During the past five years the use of assembled camshafts in the North American automotive market has grown steadily. For valve-trains that operate with roller followers at relatively high contact stress, assembled camshafts are a cost-effective solution, as compared to camshafts machined from forged bar stock. Forged bearing steels, and, to a lesser extent, powder forged steels, have been the materials of choice for the manufacture of cam lobes for assembled camshafts. Sintered alloys offer an attractive alternative to forged steel because very accurate cam lobes can be manufactured via pressing and sintering. However, the use of sintered alloys has been limited by their relatively low rolling contact fatigue properties.
This paper presents the application of sintered lobes in mechanically assembled camshafts that operate in roller follower valve-trains at relatively high contact stress. Cam lobes were pressed and sintered to densities in the range 7.6-7.65 g/cm3 and case hardened to a macrohardness of 58-60 HRc. The lobes were assembled on a low alloy steel tube. An interference stress was generated between the tube and the components through mechanical expansion of the tube with a mandrel.
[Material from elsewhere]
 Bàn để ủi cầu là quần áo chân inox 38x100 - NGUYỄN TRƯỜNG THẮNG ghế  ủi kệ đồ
A key functional aspect of assembled camshafts is the strength of the assembly. Specifically, the torsional static and fatigue strength of the bond between the shaft and the cam lobe-or any other assembled component e.g. driving sprockets, journal bearings and cams for unitary Diesel injectors. Torsional static and fatigue tests show that with relatively lightweight construction (tube wall thickness in the range 2 - 3 mm) it is possible to achieve static torque strengths in the range 200-300 Nm and torsional fatigue endurance limits in the range 190-210 Nm. For heavy-duty applications, camshafts with tube wall thickness of 6 mm can increase the static strength to 1,500 Nm. The static and fatigue failure modes are different. Static failure results from displacement of the lobe relative to the tube. In contrast, under torsional fatigue, the failure is due to fatigue of the tube, with a crack initiating in areas of high stress concentration. Through proper camshaft design, the necessary combination of static and fatigue strength can be achieved.
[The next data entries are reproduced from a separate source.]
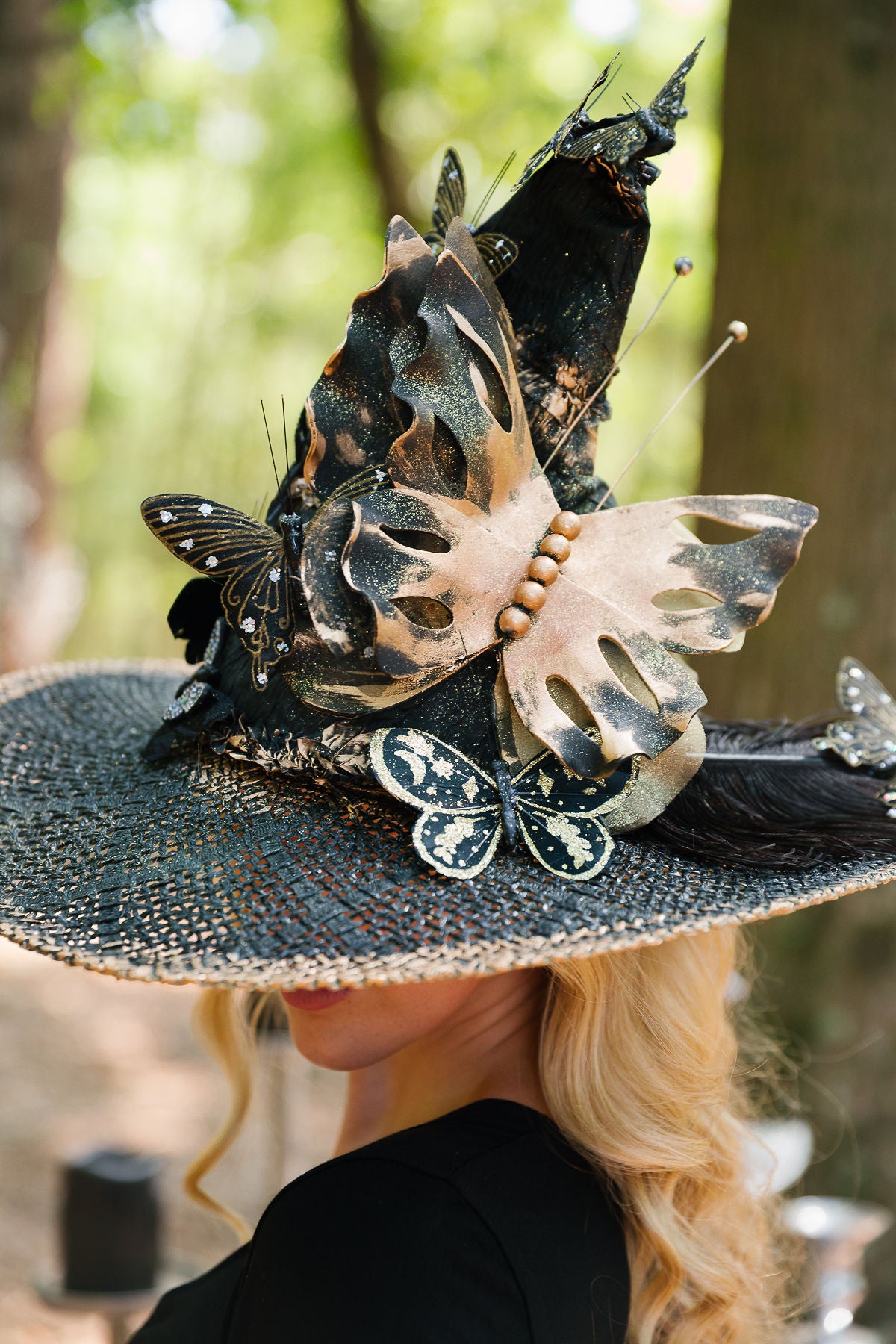 THE FLUTTER & FRIGHT WITCH HAT (ONE OF A KIND) WITCH HAT Judith March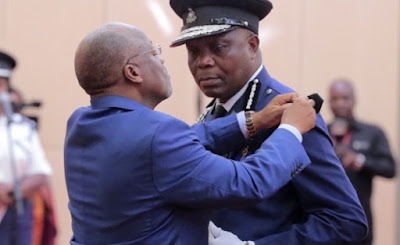 Tanzania President John Pombe Magufuli sworn- in Simon NyakoroSirro as the country's new Inspector General of Police (IGP).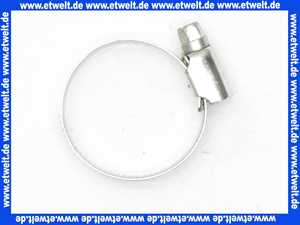 Schlauchklemme Spannbereich 25-40 mm Bandbreite 9 mm Schlauchschelle 25-40/9 W1 aus verzinktem Stahl nach DIN 3017 mit Schneckengewinde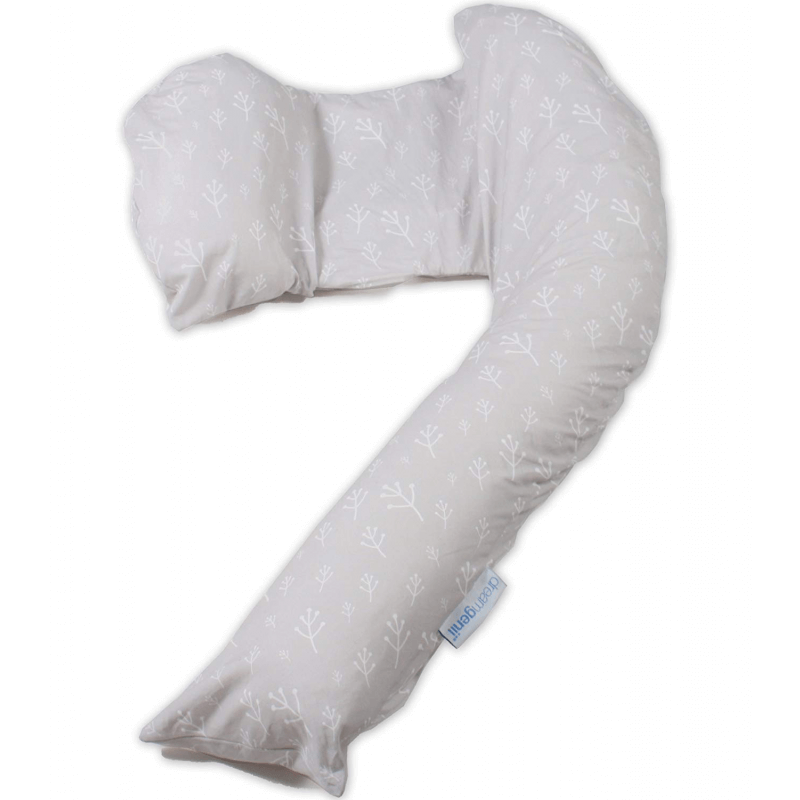 Dreamgenii Pregnancy Support & Feeding Pillow - Grey Floral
The sintered alloys developed exhibit a rolling contact fatigue endurance limit that can exceed 2,500 MPa. Camshafts manufactured with these alloys have been validated in fired engine tests, including a 3.4 L V6 engine with a type 5 valve-train (push-rod with roller follower) that operates at a contact stress of approximately 2,000 MPa. Three 300-hour power tests and one 1,000-hour idle test were completed. The sintered cam lobes exhibited no pitting and the cam lobe wear was negligible.